Beginning with the first line, retype exactly the records below up to and including the line with "Pink A Line"; pictures do not belong in the copy.

--- --- ---

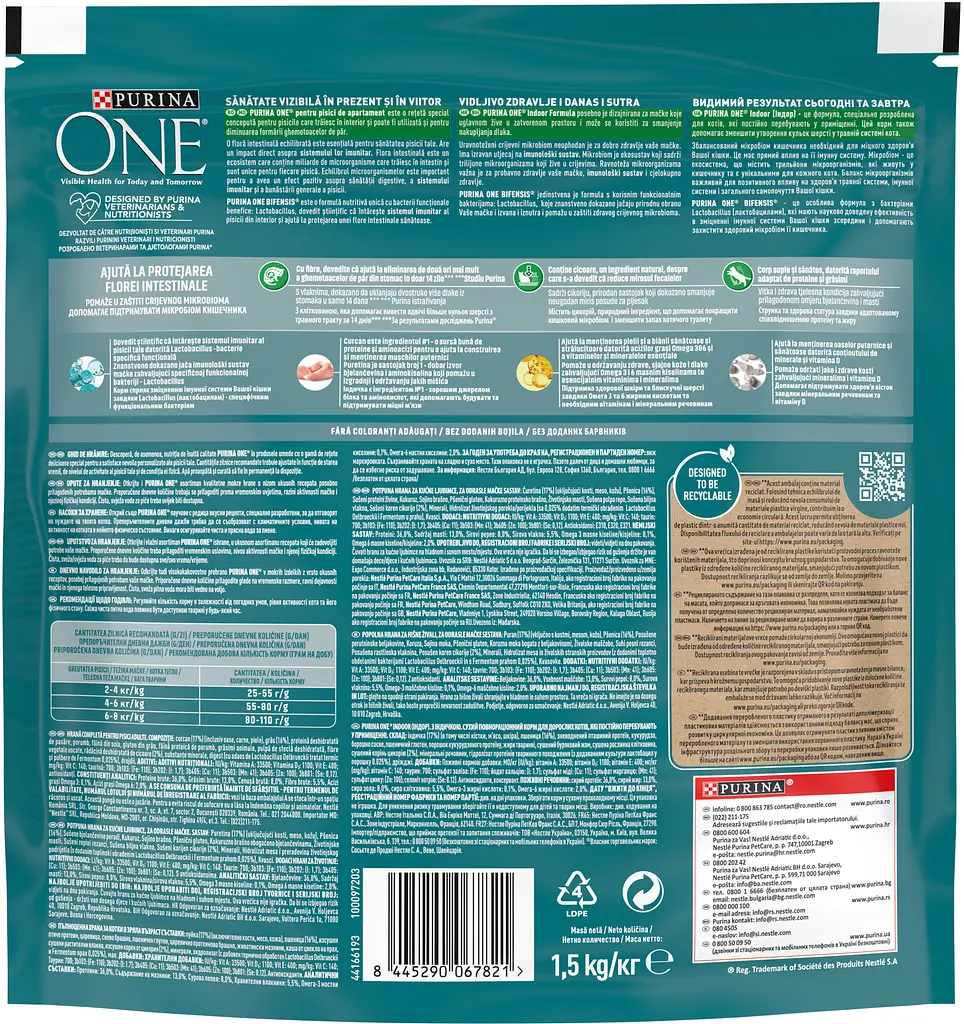 Сухой корм для взрослых домашних котов Purina One Indoor с индейкой и цельными злаками 1.5 кг (12425130) - фото 3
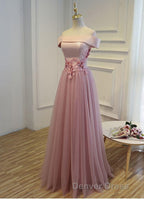 Pink A Line Off Shoulder Floor Length Prom Dress, Lace Prom Dresses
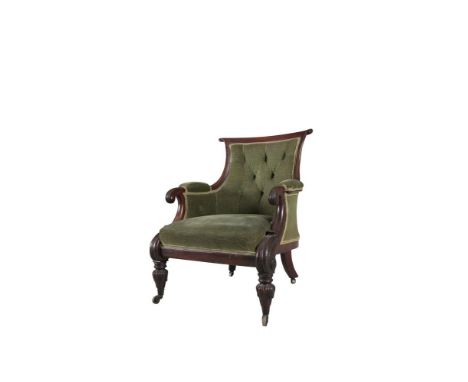 A GEORGE IV MAHOGANY FRAMED GENTLEMAN'S ARMCHAIR, the curved panel button back, armrests and seat covered in green material, 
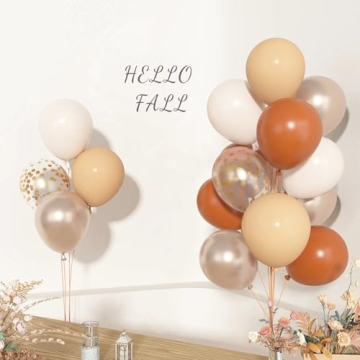 Burnt Orange Balloon Set for Fall Celebrations and Parties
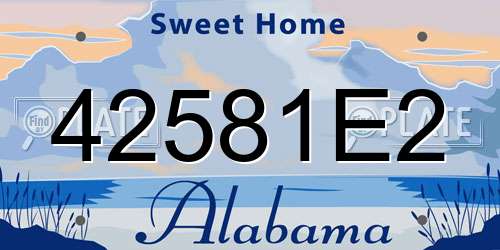 42581E2 Alabama License Plate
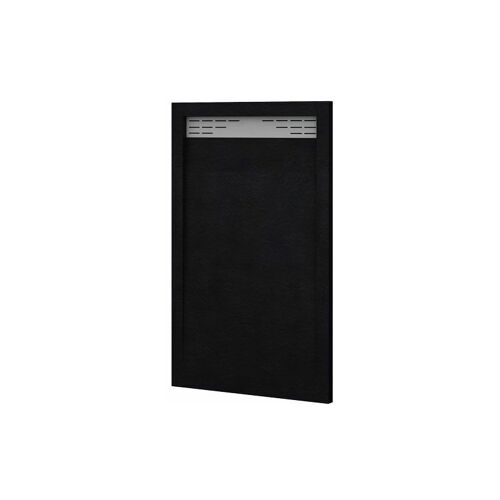 Tegler - Receveur De Douche Avec Demi-cadre Modèle Bidai Texture Ardoise. Noir, Siphon En Cadeau 80x110 Ral 9005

--- --- ---

• _Exercise result_
 Сухой корм для взрослых домашних котов Purina One Indoor с индейкой и цельными злаками 1.5 кг (12425130) - фото 3
 Pink A Line Off Shoulder Floor Length Prom Dress, Lace Prom Dresses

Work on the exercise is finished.